On this dayOct 31, 1901
Silas Esters Lynched by White Mob in LaRue County, Kentucky
In the early morning, on October 31, 1901, a white mob of more than 50 men tightened a noose around the neck of an 18-year-old Black man named Silas Esters, dragged him from the LaRue County Jail in Hodgenville, Kentucky, and lynched him.
According to newspaper reports at the time, Mr. Esters had been accused of “coercing” a 15-year-old white boy to commit a crime. However, newspapers reported that Mr. Esters’s alleged offense was “unpunishable by any statute.” Despite having committed no crime, Mr. Esters was arrested by local white police and placed in jail.
During this era of racial terror, law enforcement officers, tasked with protecting the people in their custody, often witnessed or directly participated in deadly mob violence. In this instance, when the white mob arrived at the LaRue County Jail intent on lynching Mr. Esters, the white police officers gave the mob the keys to the jail and made no effort to protect Mr. Esters as he was violently removed and lynched.
After being seized by the mob, newspapers reported that Mr. Esters slipped free and began to run away—but made it only 100 yards before the white mob riddled his body with bullets. The mob then placed a noose around his neck, dragged his lifeless body to the courthouse, and swung it from the top steps.

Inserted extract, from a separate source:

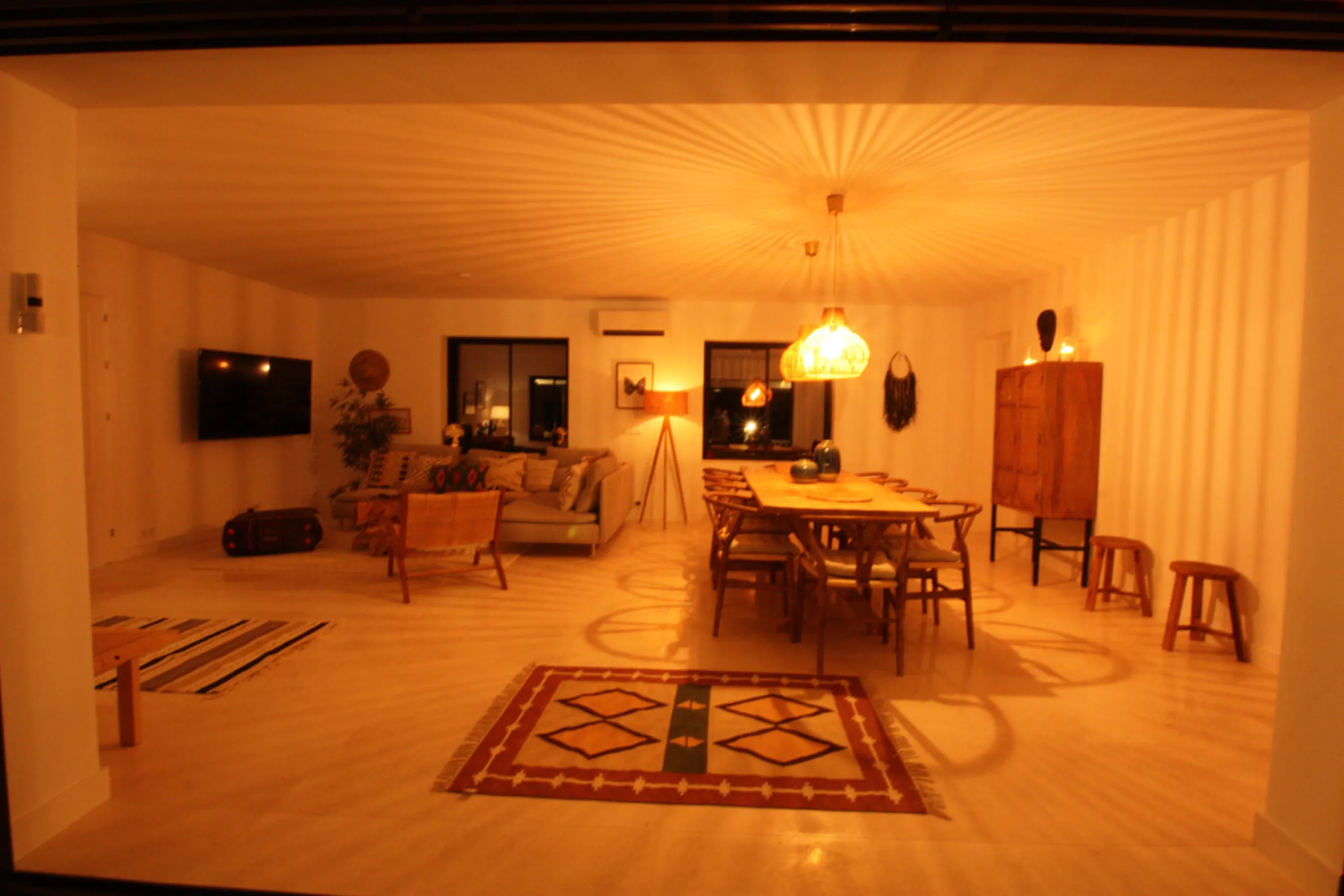 Villa Mariposa, the perfect mix between Scandinavian and Andalusian style. It is one of the most beautiful and practical houses in La Capellanía, with the main house all in one level and with breathtaking sea views from almost everywhere on the plot and i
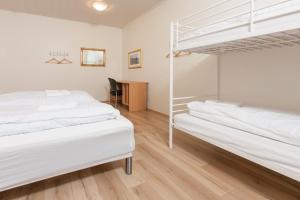 Een bed of bedden in een kamer bij Ljosafoss Lake Guest House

At the time, newspapers reported that Granville Ward and his father, Thomas Ward, were the leaders of this mob. Despite knowing at least two individuals who participated in murdering Mr. Esters, no one was ever held accountable for his lynching. Mr. Esters was one of over 6,500 Black women, men, and children who were documented victims of racial terror lynching in the U.S. between 1865-1950.